▶ _PROBLEM DETAILS_
Leave every picture out and write out the records below exactly.

▶ _RECORDS TO USE_
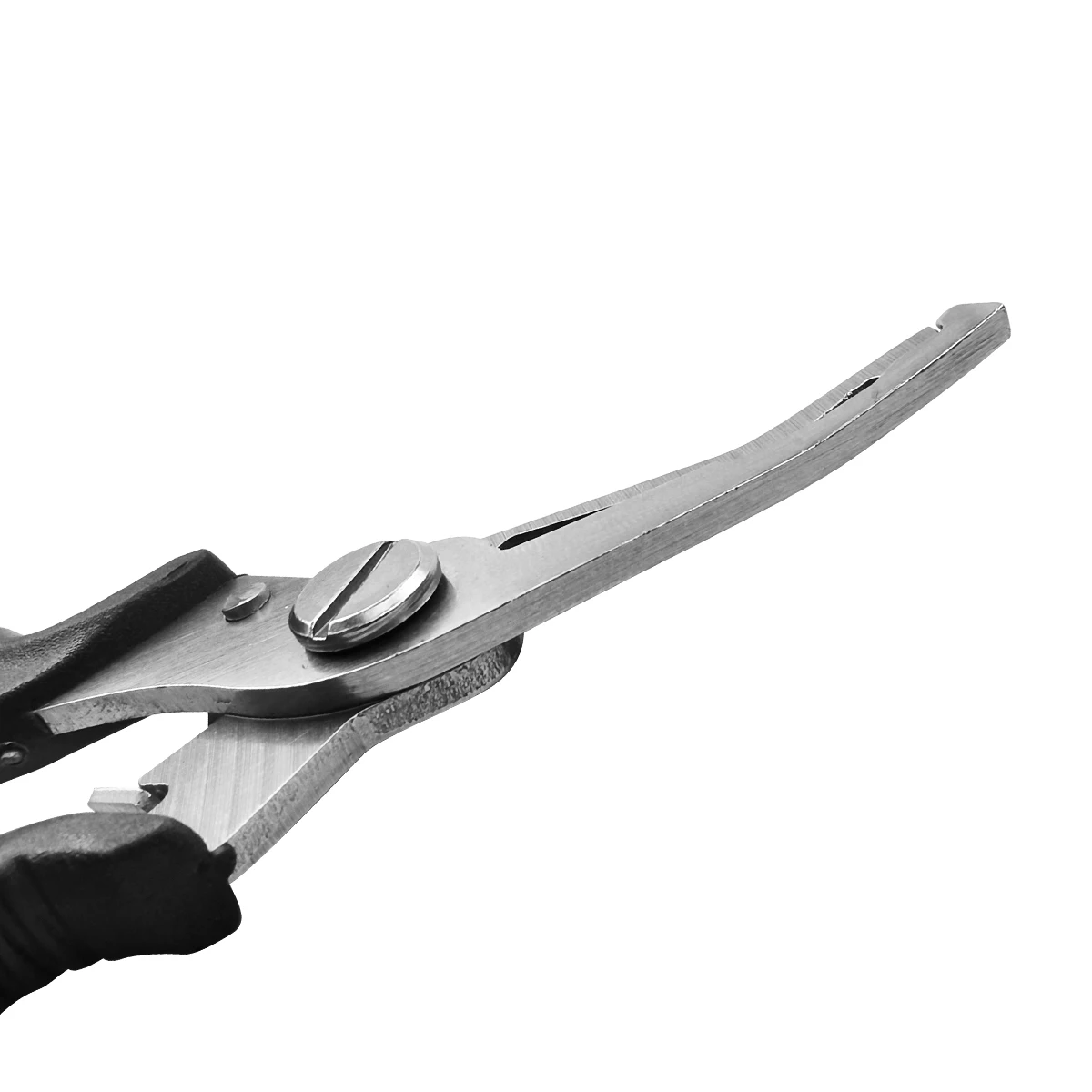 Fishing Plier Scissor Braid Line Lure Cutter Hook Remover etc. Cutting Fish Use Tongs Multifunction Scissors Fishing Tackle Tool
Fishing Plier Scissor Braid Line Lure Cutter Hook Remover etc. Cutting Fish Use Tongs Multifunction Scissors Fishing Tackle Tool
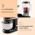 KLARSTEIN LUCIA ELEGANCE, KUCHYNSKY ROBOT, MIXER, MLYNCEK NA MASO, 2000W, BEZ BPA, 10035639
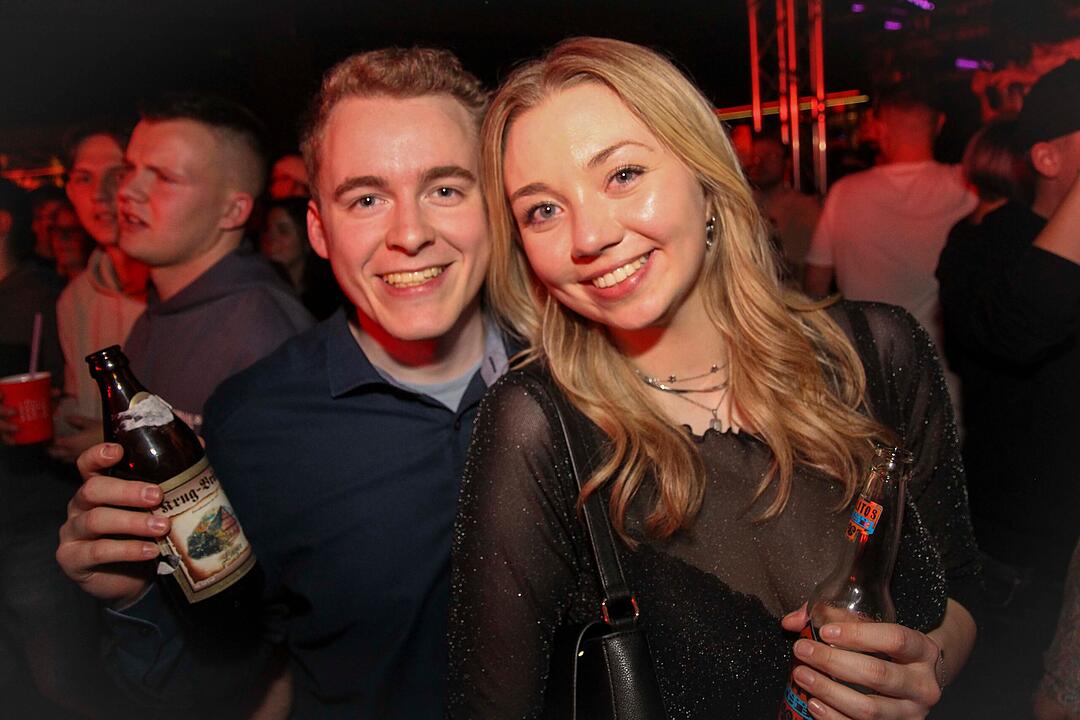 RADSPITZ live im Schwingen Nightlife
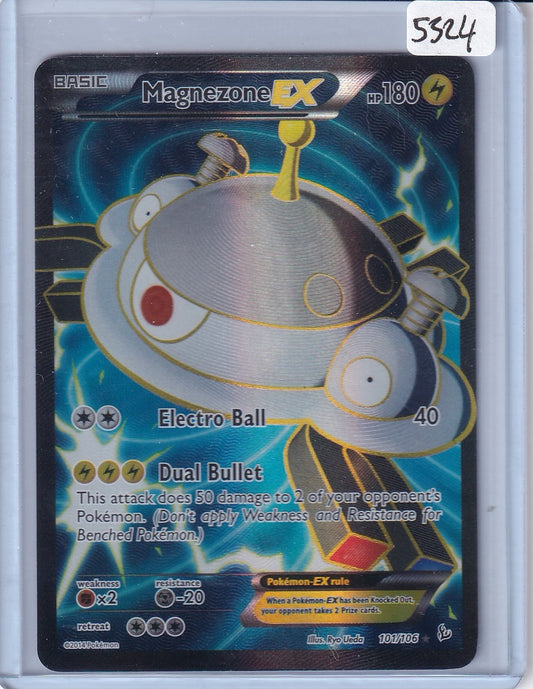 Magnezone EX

▶ _TASK SOLUTION_
 Fishing Plier Scissor Braid Line Lure Cutter Hook Remover etc. Cutting Fish Use Tongs Multifunction Scissors Fishing Tackle Tool
Fishing Plier Scissor Braid Line Lure Cutter Hook Remover etc. Cutting Fish Use Tongs Multifunction Scissors Fishing Tackle Tool
 KLARSTEIN LUCIA ELEGANCE, KUCHYNSKY ROBOT, MIXER, MLYNCEK NA MASO, 2000W, BEZ BPA, 10035639
 RADSPITZ live im Schwingen Nightlife
 Magnezone EX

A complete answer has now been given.